Ero pronto alla battaglia. Vedevo già il titolo: turista prende a
bastonate sulle gengive feroce puma locale. Intervistato, il turista
dichiara 'Paura? Mai avuta. Ho affrontato l'Ikea di Corsico la domenica
pomeriggio'.
Intanto, un gruppo di cinque persone stava
sopraggiungendo. Li fermo, indico loro il problemino con vibrisse e
spiego loro la mia strategia bellica: attendiamo pazientemente.
Immobili.
In tutto quel tempo, uno scampolo di eternità
condensato in soli quattro o cinque minuti, il puma non ci ha mai
degnati di uno sguardo. Se ne stava lì, a fissare qualcosa, forse a
riflettere sui massimi sistemi, incurante di noi. Poi, probabilmente
annoiato, è scomparso tra le rocce, concedendo ai nostri parametri
vitali di tornare a livelli di normalità. Naturalmente la storia, col
passare degli anni, amplificherà i toni drammaturgici. Quando sarò
vecchio e senza denti - non che manchi molto - il puma diventerà
miracolosamente un alligatore di dieci metri che racconterò aver domato
con la sola forza delle mie sopracciglia.
E da un incontro
potenzialmente mortale a uno scontro decisamente letale il passo non è
poi così distante. Qualche centinaio di chilometri. La strada che da
Monterey porta a Santa Barbara. Lasciatomi alle spalle quel tratto di
costiera amalfitana a stelle e strisce, sfreccio con la mia ruggente Ford
Focus, la lancetta del contachilometri fissa sulle 75 miglia all'ora. La
vita, però, se ne fotte delle miglia, delle corsie autostradali, del
codice della strada, della musica del mio iPod diffusa dalle casse della
macchina, della California, delle mie vacanze, di quello che c'era
prima e di ciò che verrà poi, del conto, salato, del mio dentista –
tutti quegli euro solo per la pulizia? E del cervo che, dominato da
impulsi autodistruttivi, si materializza improvvisamente in autostrada.

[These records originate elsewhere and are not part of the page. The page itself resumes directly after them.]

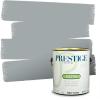 imagePRESTIGE Paints Interior Paint and Primer In One 1Gallon SemiGloss Comparable Match of Benjamin Moore Shaker Gray1593BMPCM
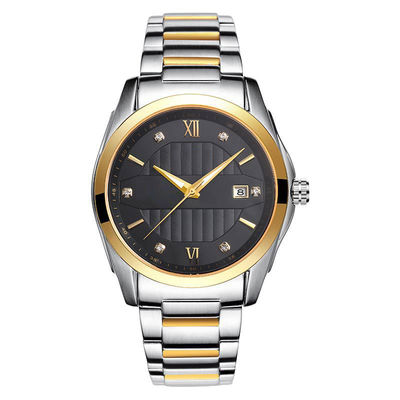 Cinghia automatica di Diamond Studded Watch With Steel di affari degli uomini meccanici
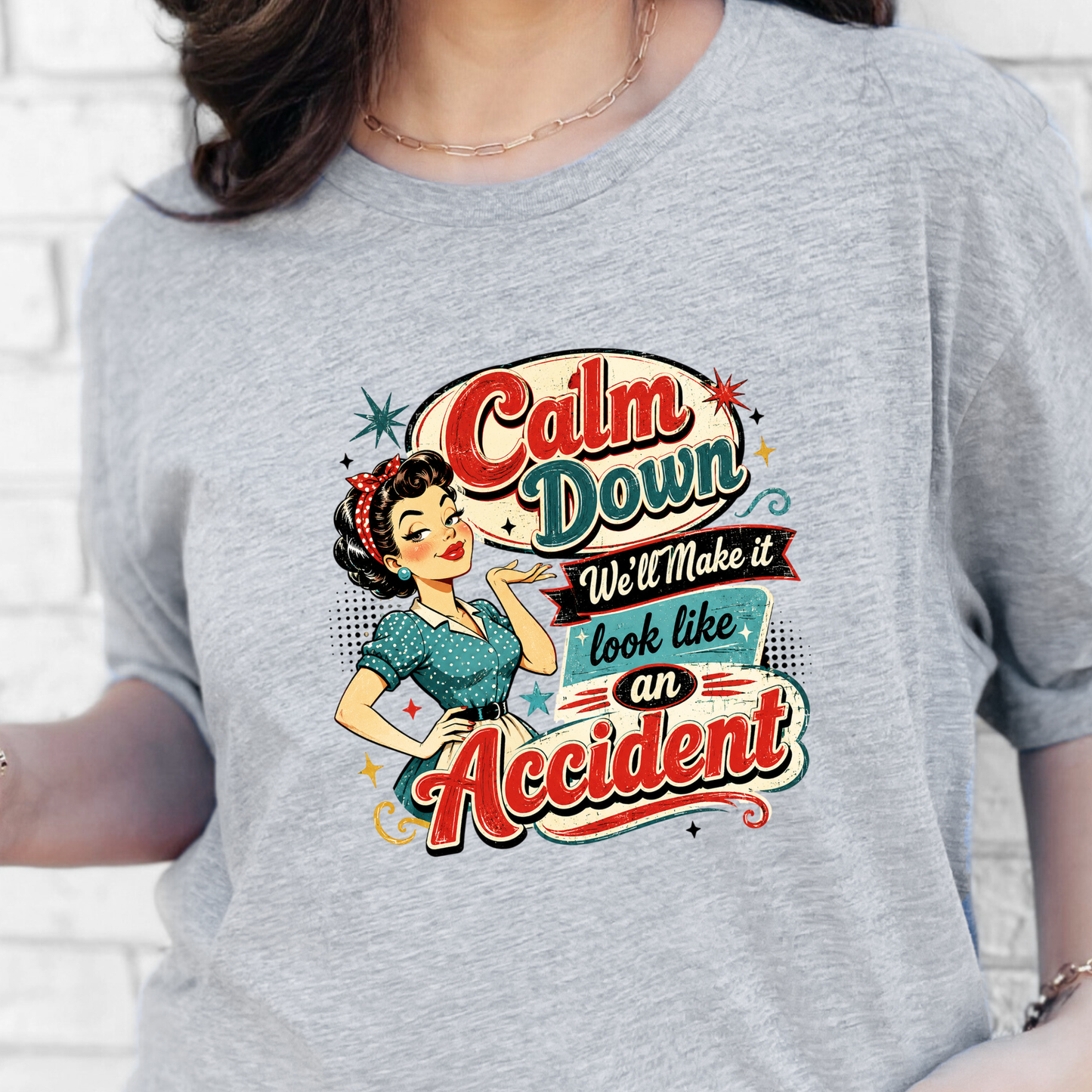 Vintage Calm Down Graphic Tee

La fatalità, a volte, è questione di pochi metri. 'Io non freno' è
l'unica cosa che riesco a pronunciare alla mia ragazza, pietrificata
dall'angoscia della morte, prima che l'aspirante suicida venga centrato
in pieno dalla macchina che mi precede sulla destra. Il cervo,
catapultato, si libra in aria, leggero, sopra di noi. Un volo senza
speranze. Dallo specchietto retrovisore vedo la macchina ferma. Spero
che il conducente non si sia fatto niente.
Spesso ci
immaginiamo come potremmo comportarci in certe occasioni. Cosa farei se…
Una cosa così, però non me l'ero mai immaginata e se l'avessi fatto,
avrei pensato a una reazione completamente diversa. Panico, bestemmia,
frenata, sterzata, incidente, il tunnel di luce, Dio, le conigliette di
Playboy. Invece, nessun tipo di reazione. Calma. Sangue freddo. Non una
persona, ma un robot. Impressionante. Da me non me lo sarei mai
aspettato. L'oracolo di Delfi aveva detto di conoscere se stessi, ma non
quanto questo processo conoscitivo sarebbe durato.
Non
avrei altro da raccontare. O forse sì. Come quando a Los Angeles,
mostrando infondata sicurezza da manuale del piccolo esploratore, ho
deciso testardamente di raggiungere a piedi Downtown dal nostro albergo
in Little Japan, avendo così la possibilità di apprezzare la fauna che
popola il variopinto quartiere di Skid Row. Sopravvissuto anche qui.
Resta
un rimpianto: non essere riuscito, almeno una volta, a immergermi
nell'Oceano con una tavola da surf, sull'onda, più che altro,
dell'entusiasmo. Ma, sapete com'è, dopo il puma e il cervo… La mia
ragazza deve avere intuito qualcosa anche se, ammettiamolo, gli squali,
quelli pericolosi, non si trovano sott’acqua. Buona settimana a tutti!